Stranded Sea King hitches a lift
Thanks to the UK Ministry of Defence for providing another item for the “not something you see every day” files, and for proving why the Royal Air Force calls the Chinook a “support helicopter”.
A Sea King search and rescue crew from the Royal Navy’s HMS Gannet unit – located at Glasgow Prestwick airport – “identified a potential defect” during a training flight in Glencoe, Scotland on 13 October, and swiftly put the aircraft down on a recognised landing spot outside a hotel. Other reports variously suggest the issue was engine- or gearbox-related, but the MoD hasn’t commented on that as yet.
With the Sea King safe but stranded, and with its main and tail rotor blades removed, a Chinook from RAF Odiham was on 18 October tasked with moving it to a car park just over a mile away (both images courtesy of Crown Copyright), where it could be moved onto a low-loader for its return journey to Prestwick.

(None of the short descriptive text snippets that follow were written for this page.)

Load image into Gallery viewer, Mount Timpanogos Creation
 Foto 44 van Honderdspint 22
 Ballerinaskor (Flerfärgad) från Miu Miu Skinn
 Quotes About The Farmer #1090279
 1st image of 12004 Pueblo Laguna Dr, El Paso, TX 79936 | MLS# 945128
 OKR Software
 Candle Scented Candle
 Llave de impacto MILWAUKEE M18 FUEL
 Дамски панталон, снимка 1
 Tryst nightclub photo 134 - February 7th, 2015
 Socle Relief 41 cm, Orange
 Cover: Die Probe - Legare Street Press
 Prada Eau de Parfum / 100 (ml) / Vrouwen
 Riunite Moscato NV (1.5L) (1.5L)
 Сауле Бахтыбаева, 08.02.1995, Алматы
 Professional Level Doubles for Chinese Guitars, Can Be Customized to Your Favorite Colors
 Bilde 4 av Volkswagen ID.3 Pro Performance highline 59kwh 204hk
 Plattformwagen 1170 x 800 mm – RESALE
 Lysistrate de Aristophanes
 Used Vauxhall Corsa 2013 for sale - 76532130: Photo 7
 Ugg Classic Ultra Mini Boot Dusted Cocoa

I suspect there was probably some lively banter between the “light blue” and “senior service” crews involved, but the MoD’s official line is that it was “a real team effort”, and provided the Chinook crew with an ”invaluable outsized load training” opportunity. The RN lists the Sea King HU5′s unladen weight as being 9.7t; just shy of the CH-47′s underslung load capacity of 10t.